[Scraped caption text data]

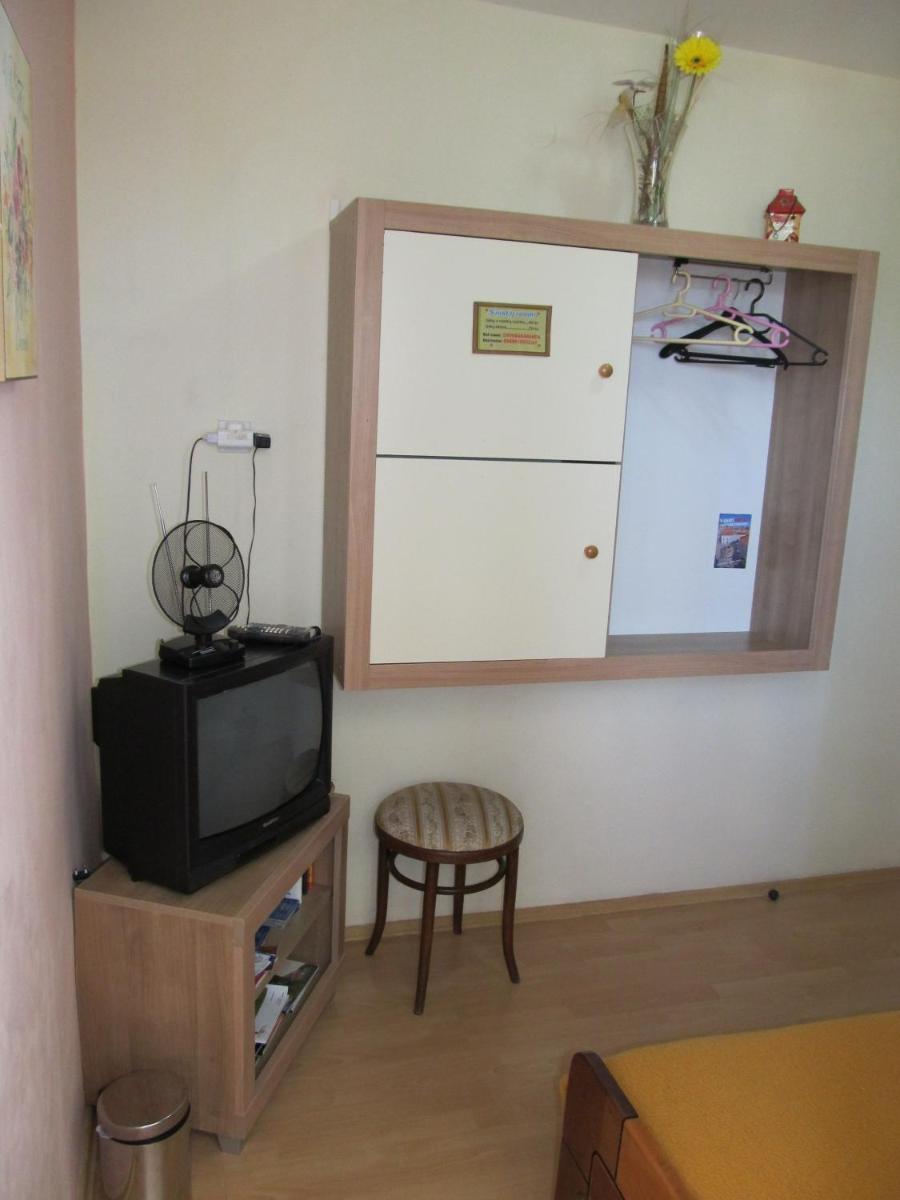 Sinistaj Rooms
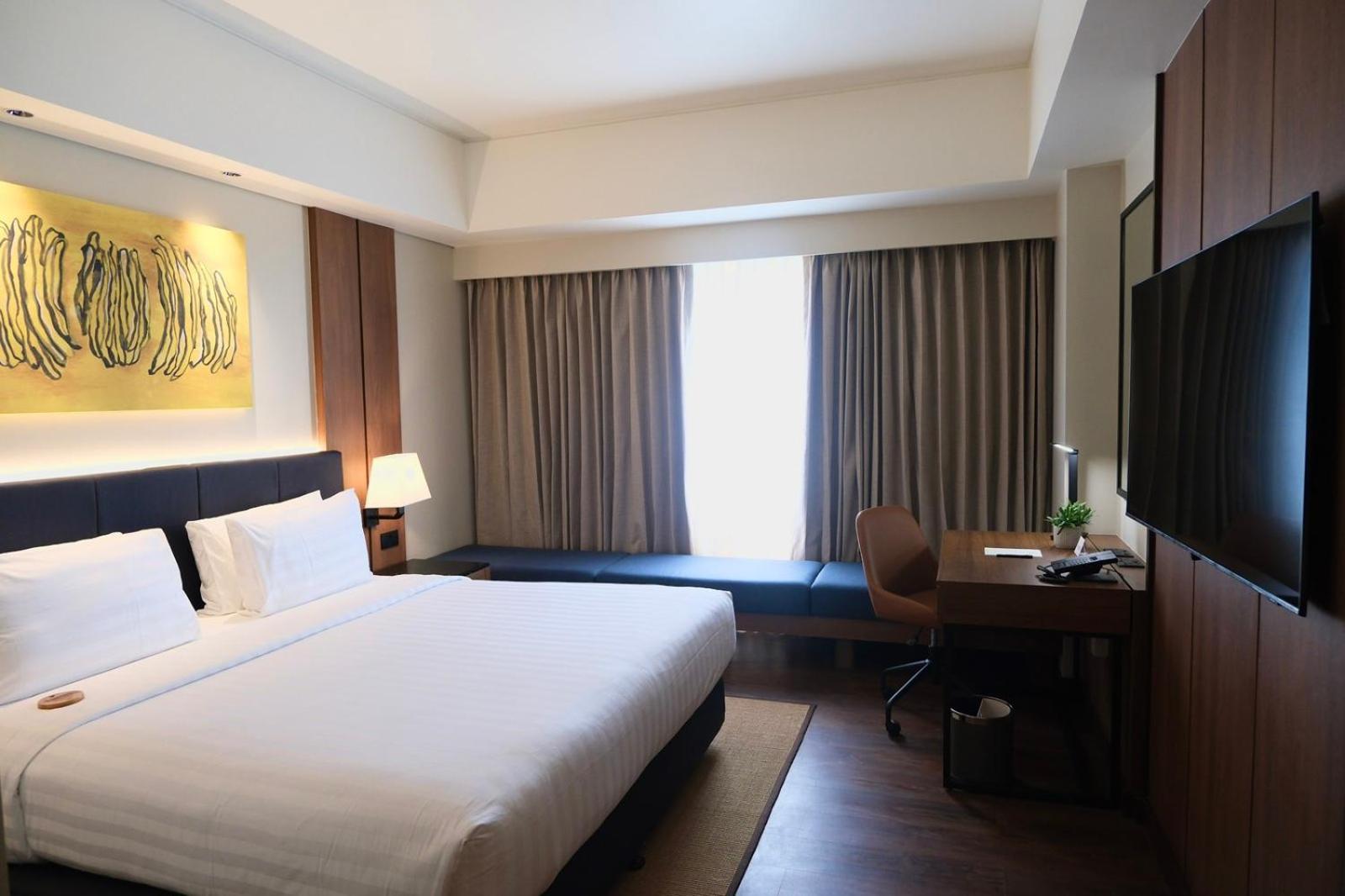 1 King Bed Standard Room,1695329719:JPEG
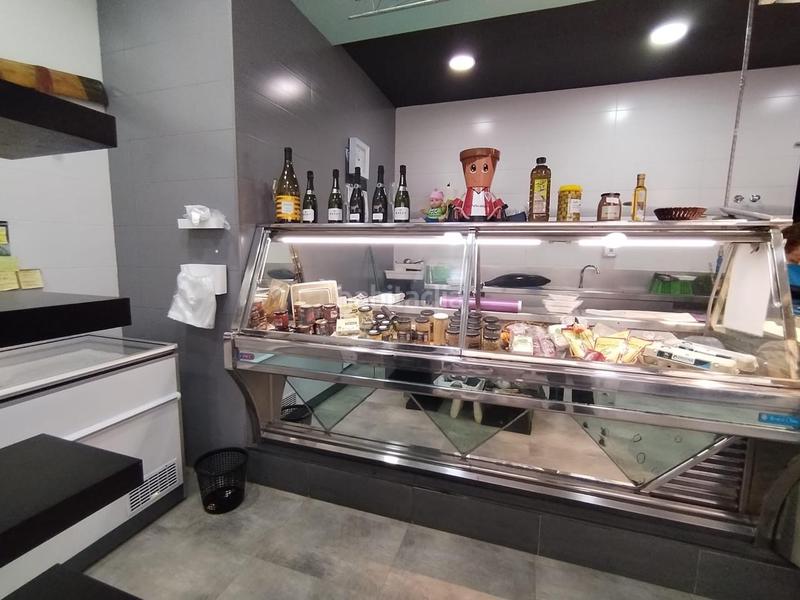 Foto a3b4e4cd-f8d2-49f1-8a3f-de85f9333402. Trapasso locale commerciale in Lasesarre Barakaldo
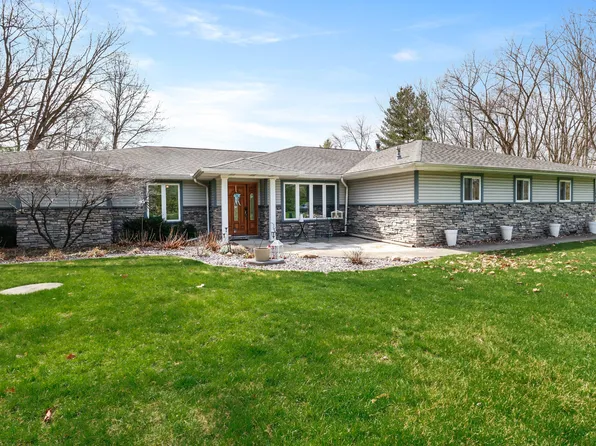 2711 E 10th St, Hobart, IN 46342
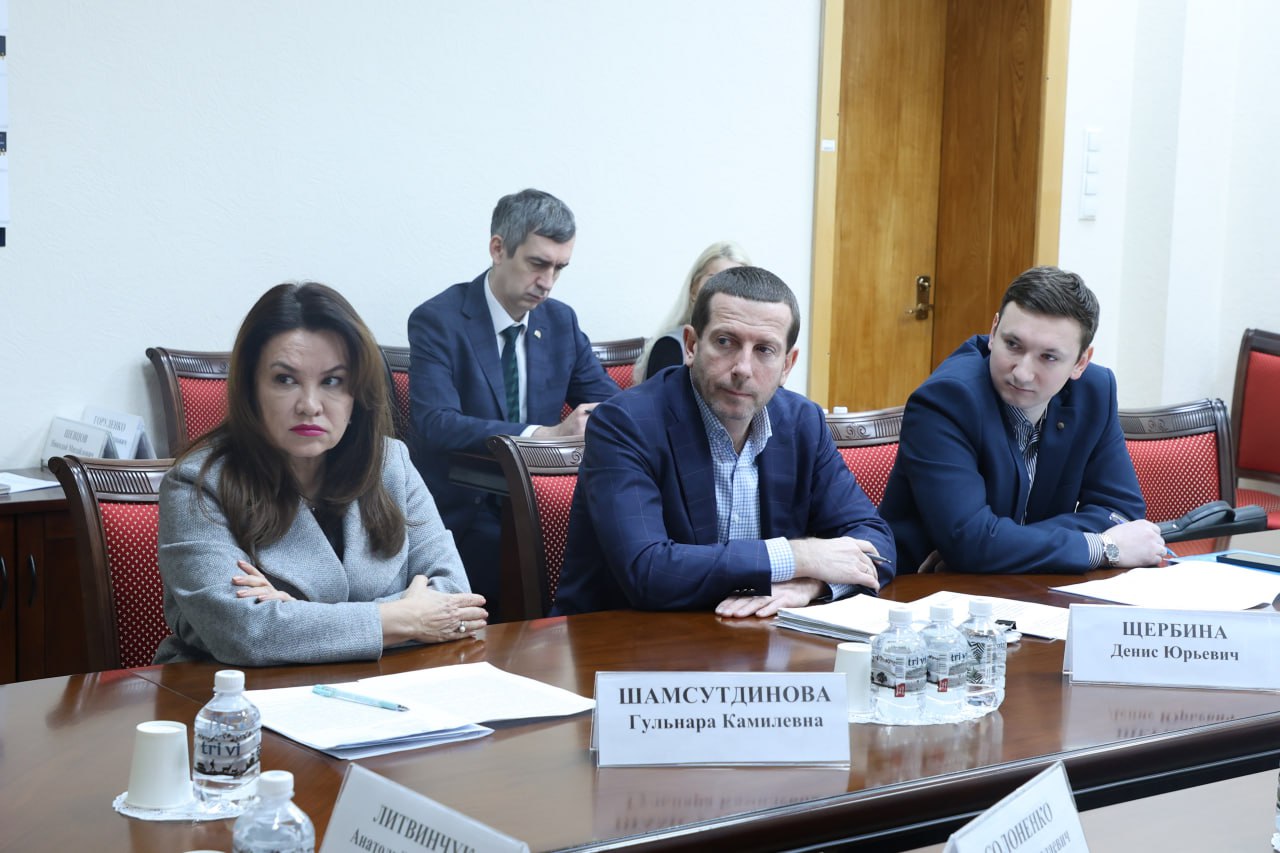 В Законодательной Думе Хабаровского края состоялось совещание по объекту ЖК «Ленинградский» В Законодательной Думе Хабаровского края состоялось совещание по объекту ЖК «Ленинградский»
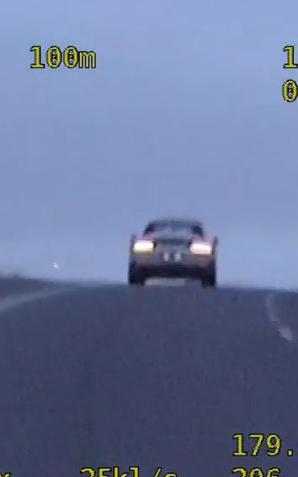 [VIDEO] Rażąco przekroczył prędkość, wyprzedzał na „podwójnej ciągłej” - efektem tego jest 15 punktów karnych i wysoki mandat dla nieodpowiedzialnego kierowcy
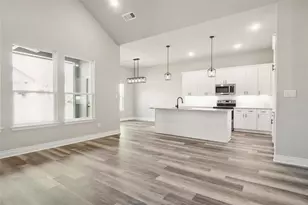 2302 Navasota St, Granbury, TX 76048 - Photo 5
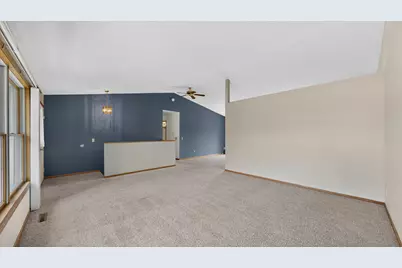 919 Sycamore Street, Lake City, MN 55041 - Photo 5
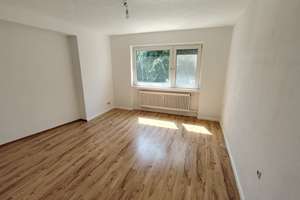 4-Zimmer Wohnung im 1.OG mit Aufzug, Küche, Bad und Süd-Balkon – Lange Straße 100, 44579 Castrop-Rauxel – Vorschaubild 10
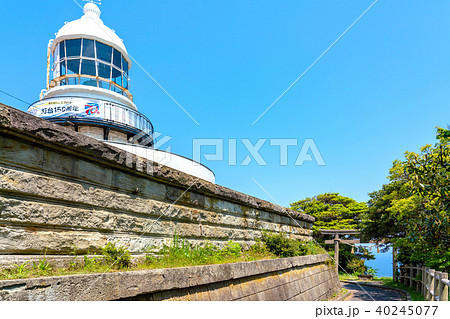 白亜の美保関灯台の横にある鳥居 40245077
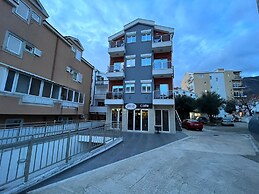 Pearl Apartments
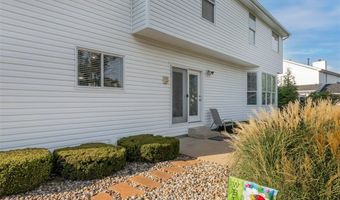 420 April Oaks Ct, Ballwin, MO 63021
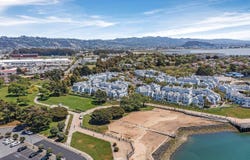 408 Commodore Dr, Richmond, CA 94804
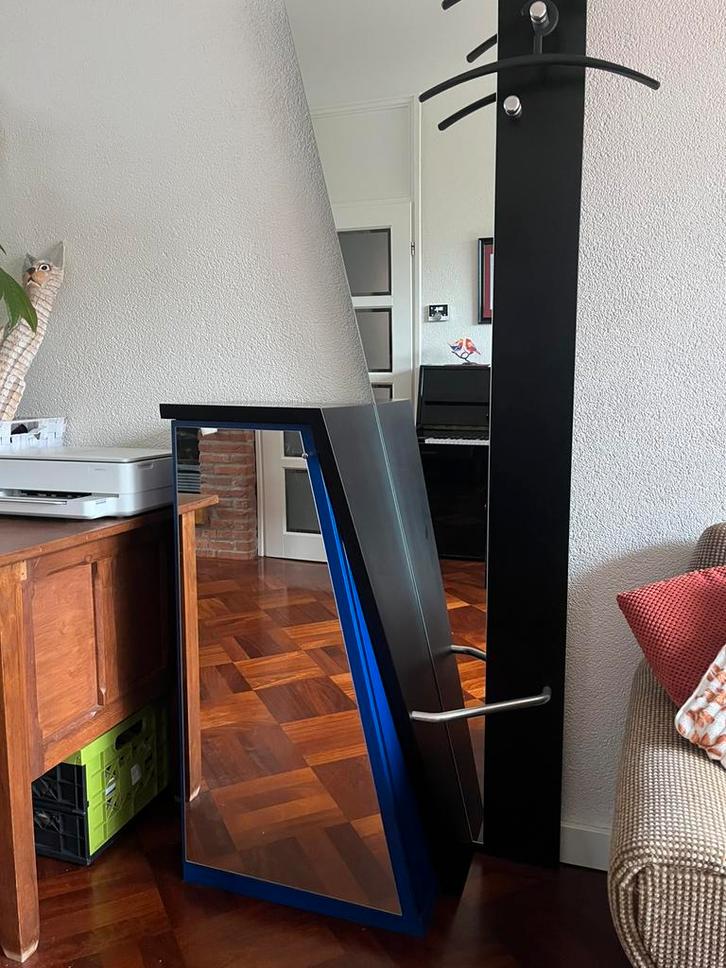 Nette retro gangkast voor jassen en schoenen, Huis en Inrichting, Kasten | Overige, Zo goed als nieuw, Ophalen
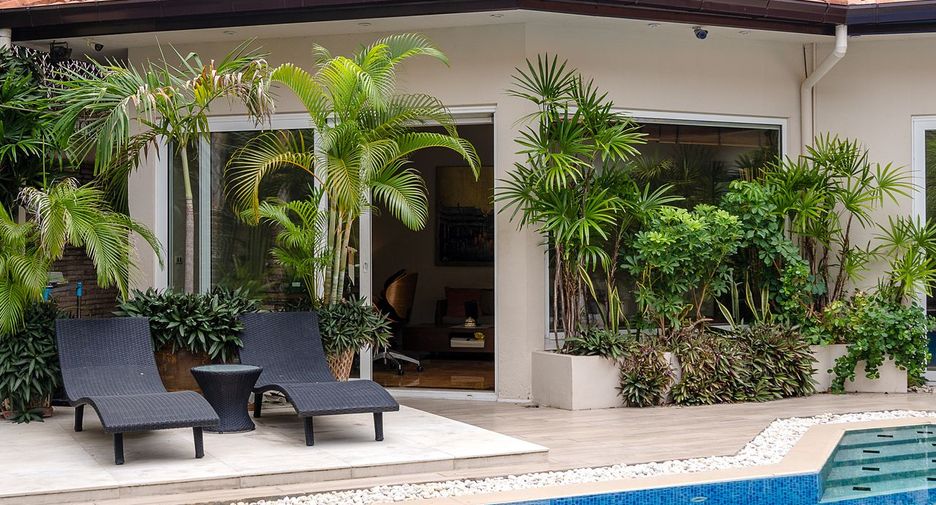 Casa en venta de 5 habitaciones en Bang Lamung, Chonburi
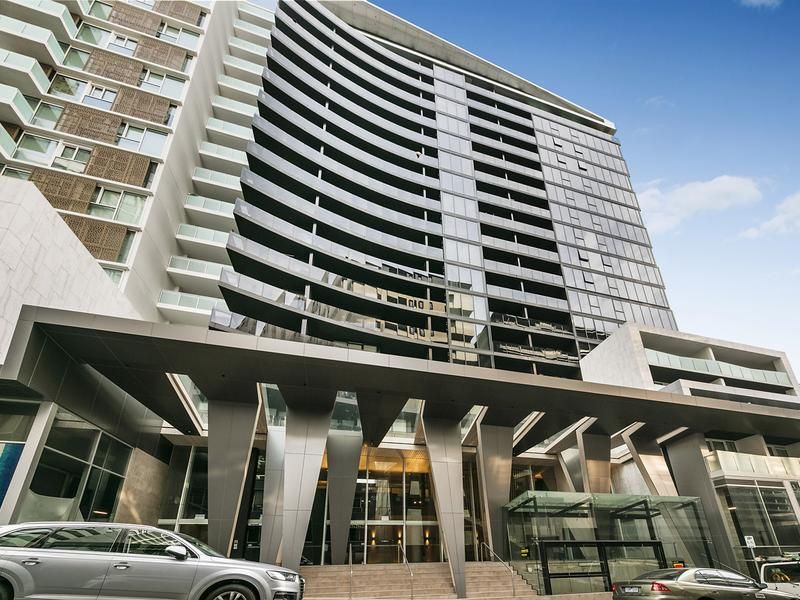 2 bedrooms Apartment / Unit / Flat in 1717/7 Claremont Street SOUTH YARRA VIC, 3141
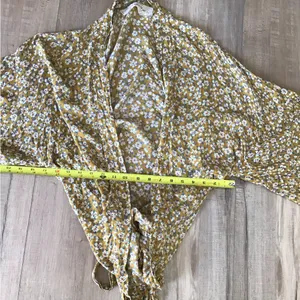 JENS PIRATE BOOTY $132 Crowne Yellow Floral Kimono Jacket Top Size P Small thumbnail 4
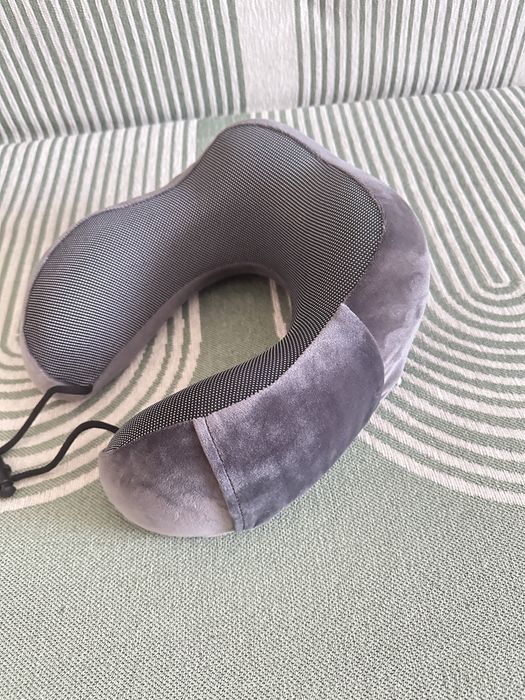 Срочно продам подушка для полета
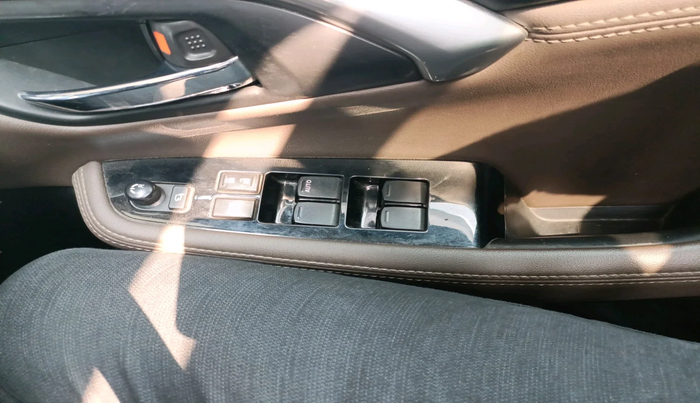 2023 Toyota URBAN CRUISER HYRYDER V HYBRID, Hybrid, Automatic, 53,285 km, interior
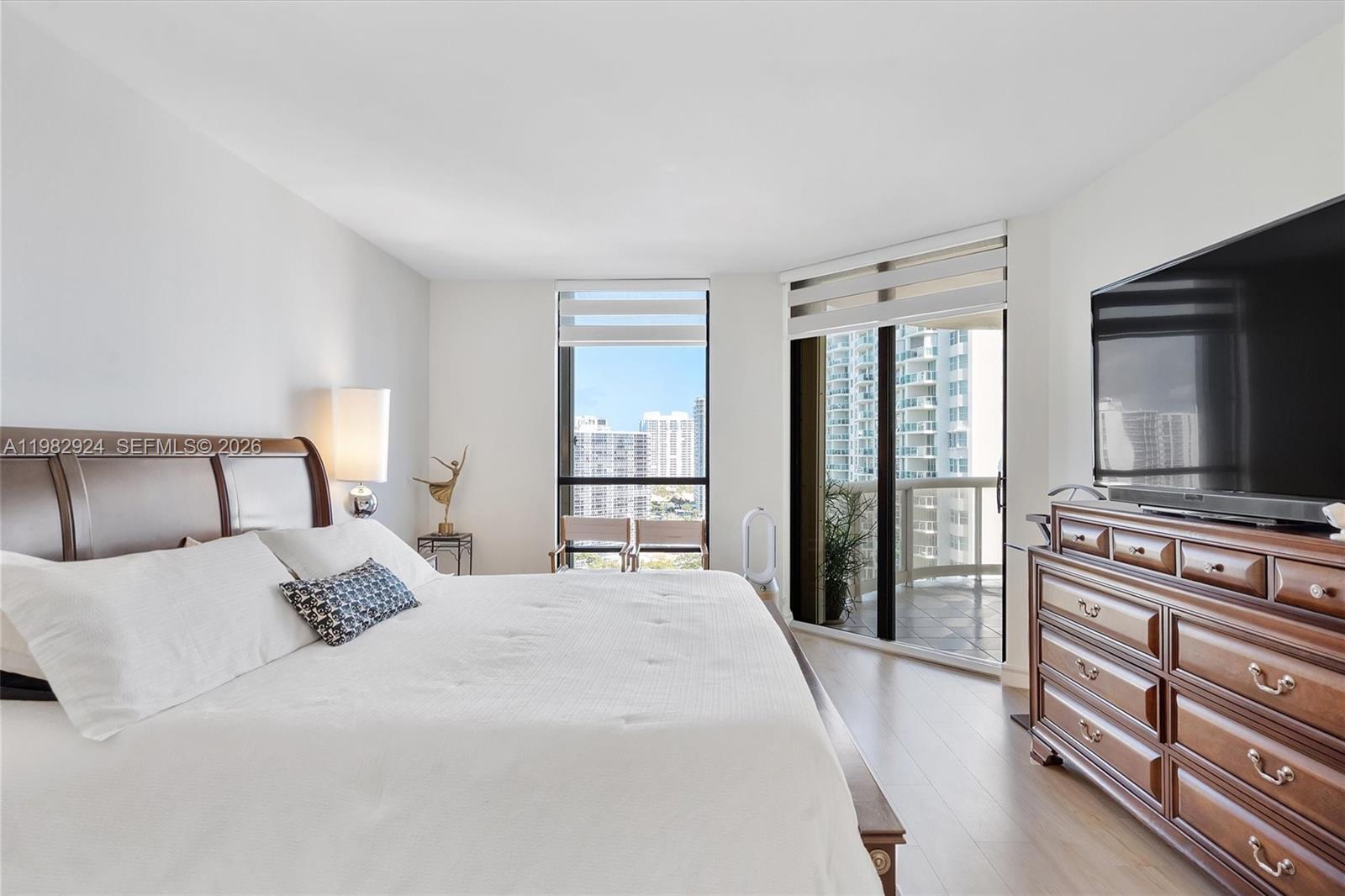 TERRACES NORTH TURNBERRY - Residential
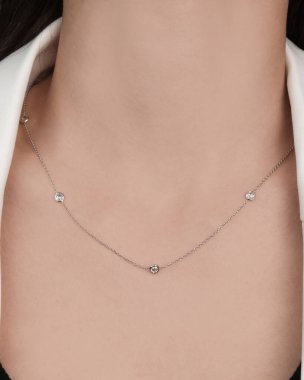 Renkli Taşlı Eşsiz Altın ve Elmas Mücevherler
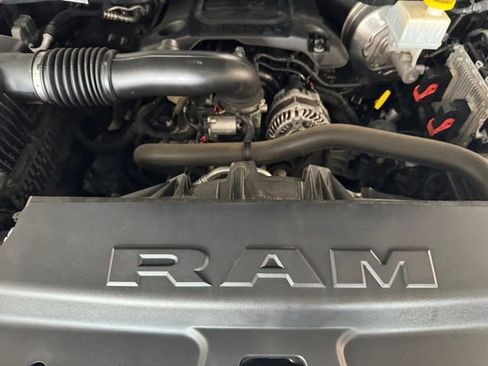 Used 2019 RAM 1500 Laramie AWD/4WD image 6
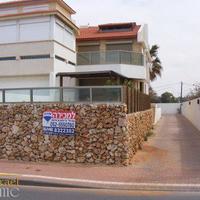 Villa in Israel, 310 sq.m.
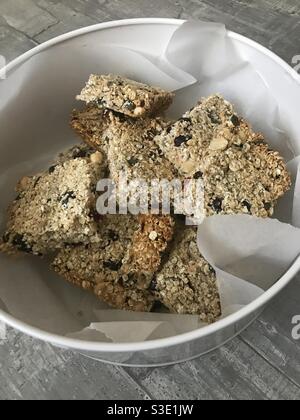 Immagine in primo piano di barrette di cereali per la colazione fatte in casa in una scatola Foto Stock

What the task asks
All lines from the one containing "2 bedrooms Apartment" through the final line of the entries above are to be copied exactly; the pictures are not.

Your solution
 2 bedrooms Apartment / Unit / Flat in 1717/7 Claremont Street SOUTH YARRA VIC, 3141
 JENS PIRATE BOOTY $132 Crowne Yellow Floral Kimono Jacket Top Size P Small thumbnail 4
 Срочно продам подушка для полета
 2023 Toyota URBAN CRUISER HYRYDER V HYBRID, Hybrid, Automatic, 53,285 km, interior
 TERRACES NORTH TURNBERRY - Residential
 Renkli Taşlı Eşsiz Altın ve Elmas Mücevherler
 Used 2019 RAM 1500 Laramie AWD/4WD image 6
 Villa in Israel, 310 sq.m.
 Immagine in primo piano di barrette di cereali per la colazione fatte in casa in una scatola Foto Stock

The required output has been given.